An illustration of the port of Calicut, the heart of the spice trade, in 1572, as seen in Civitates orbis Terrarum, a 17th-century atlas of world cities. (Wikimedia Commons) PREMIUM
An illustration of the port of Calicut, the heart of the spice trade, in 1572, as seen in Civitates orbis Terrarum, a 17th-century atlas of world cities. (Wikimedia Commons)

They claimed to collect cinnamon from the nests of giant birds who gathered these bits of bark from unknown trees. The traders left huge chunks of meat for the birds to carry to their nests, they said; the nests would crack and crash from their weight, raining cinnamon onto the ground.

The lore around pepper was equally imaginative. Snakes guarded huge pepper forests in the East, the traders said. In order to drive them away, farmers had to set fire to the pepper trees, which is why the kernels ended up black and shrivelled.

Of course, it wasn’t the myths that kept Europeans away. It was sheer distance. The Arab traders were perfectly situated to build a monopoly and, amid soaring demand, prices soared too. Pepper was nicknamed the black gold. By the 1st century CE, the philosopher and military commander Pliny the Elder was complaining that the price of cinnamon had risen to 5 kg of silver for 350 gm. He was concerned, he said, that spices were draining away Roman wealth.
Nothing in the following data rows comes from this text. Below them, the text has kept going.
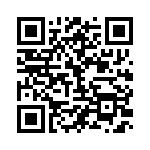 BDZX73 QRCode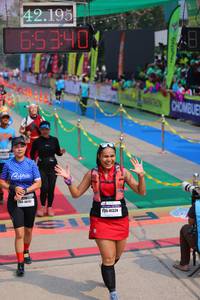 BIB: 42195, 65340, 46382, 41324
                            <button type="button" onclick="openModal(9512703)" class="btn btn-primary btn-sm float-right btn-popup" data-toggle="modal" data-target=".modal-high-quality">
                        <i class="fas fa-shopping-cart"></i> Add to Cart
                    </button>
                                            <button type="button" onclick="isThisMe(9512703, true)" class="btn btn-success btn-sm float-right btn-popup btn-isme hidden" data-toggle="tooltip" data-placement="bottom" title="นี่คือรูปของคุณใช่ไหม คลิกที่นี่เพื่อเอาเข้าอัลบั้ม">
                        <i class="fas fa-plus"></i> Add to album
                    </button>
                    <button type="button" onclick="isThisMe(9512703, false)" class="btn btn-warning btn-sm float-right btn-popup btn-isnotme hidden">
                        <i class="fas fa-ban"></i> Remove from album
                    </button>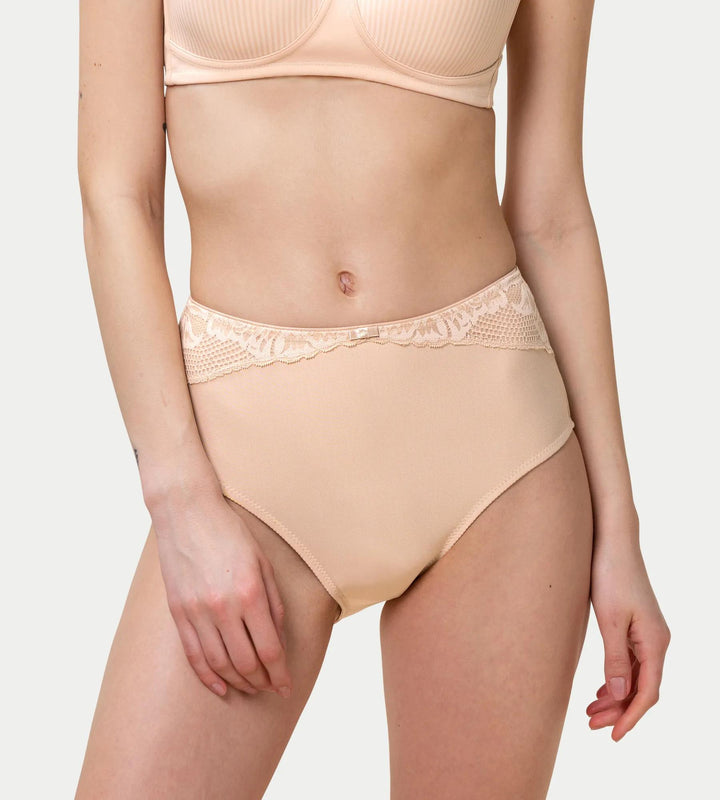 #culoare_00ep-neutral-beige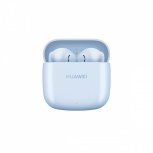 Huawei Audífonos Intrauriculares con Micrófono FreeBuds SE 2, Inalámbrico, Bluetooth, Azul - Imagen adicional 4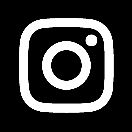 Visit SoundCloud on Instagram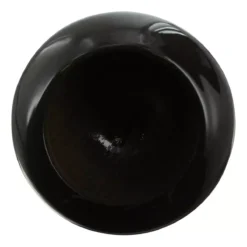 Louisville Slugger Prime Y318 Maple Youth Wood Baseball Bat: WBL2441020 Grey, Natural -Best Bat Pick Sales 86ff 08 20 louisville slugger mlb prime youth maple wood baseball bat wbl2441020 33340 6 l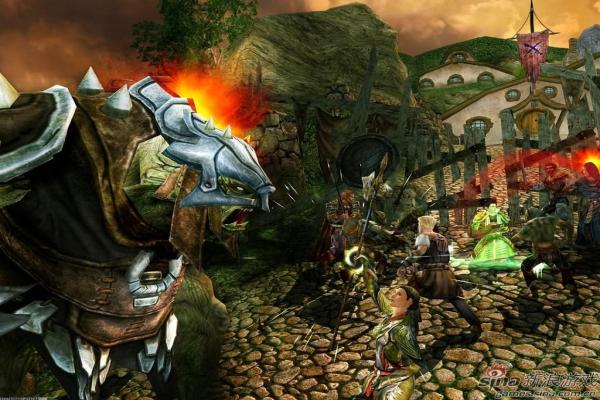 《我的世界》村民交易系统详解：快速刷绿宝石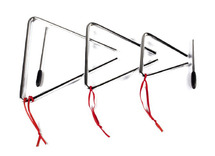 Muziek-Triangle 15 Cm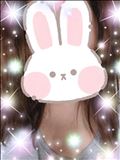 6日　よろしくお願いします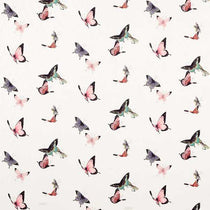 Emmeline Chalk Rose Sky 121114 Box Seat Covers Emmeline Chalk Rose Sky 121114 Box Seat Covers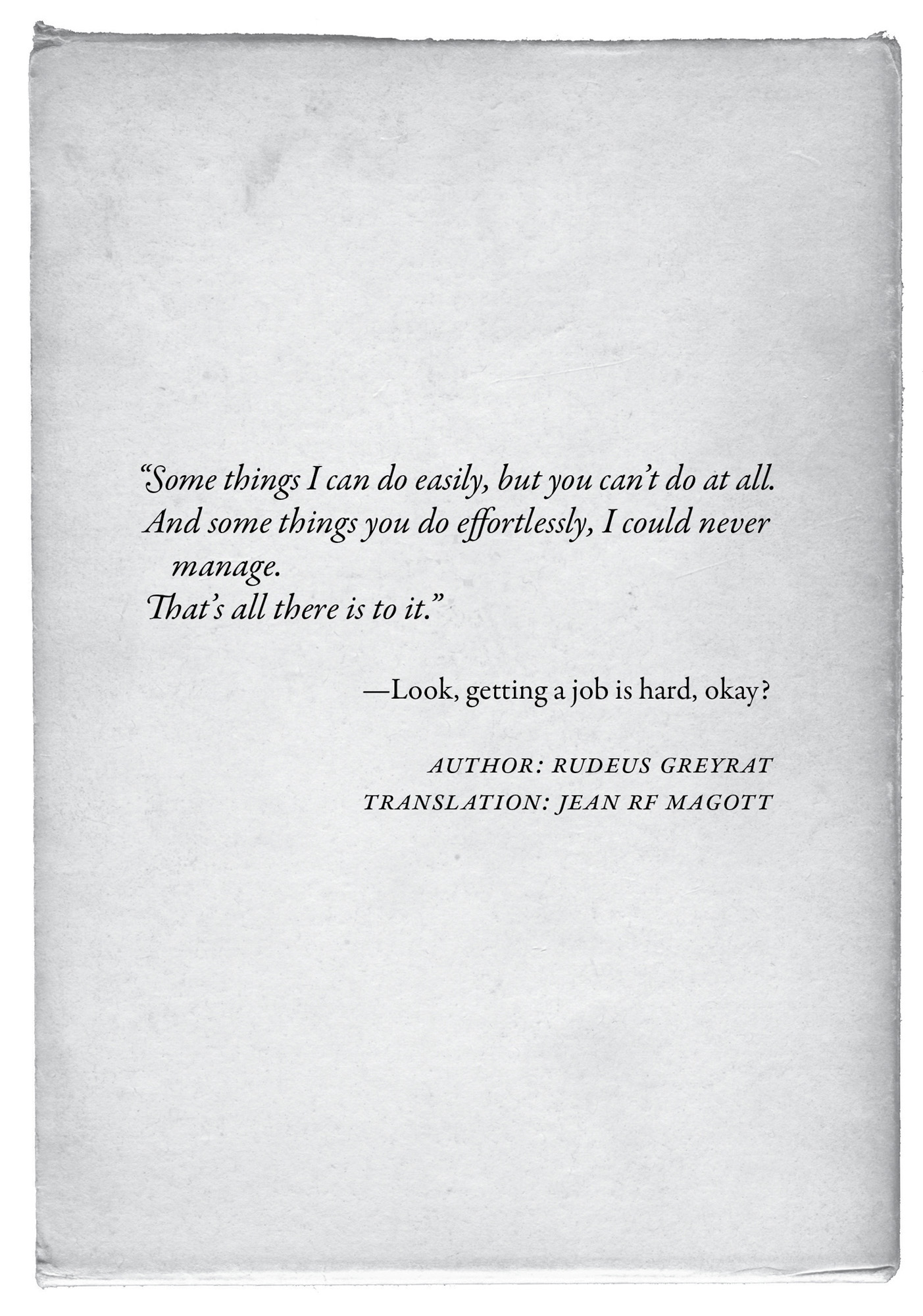 Chapter 14: The Beginning of Our Journey - 12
Meanwhile, farmers in India couldn’t understand what Europe wanted with so much pepper. Indians used it in food, of course; but they also used turmeric, ginger, cumin and a range of other spices. “There was much scratching of heads until it was finally agreed that English houses were so cold that the walls were plastered with crushed pepper in order to produce heat,” Giles Milton writes in his book Nathaniel’s Nutmeg: How One Man’s Courage Changed the Course of History (1999), about the British-Dutch battle over that spice.

Today, there’s nutmeg in our lattes and cinnamon on doughnuts. But the secrets hidden in these plants are still being unravelled.

We’re learning, for instance, why Ceylon cinnamon is considered true cinnamon. There are two categories of this spice in nature: Ceylon cinnamon (C. verum) and Cassia. The former has a richer, well-rounded flavour. The latter grows in China (C. Cassia), Vietnam (C. loureirii) and Indonesia (C. burmanni), and isn’t very highly prized. Here’s why.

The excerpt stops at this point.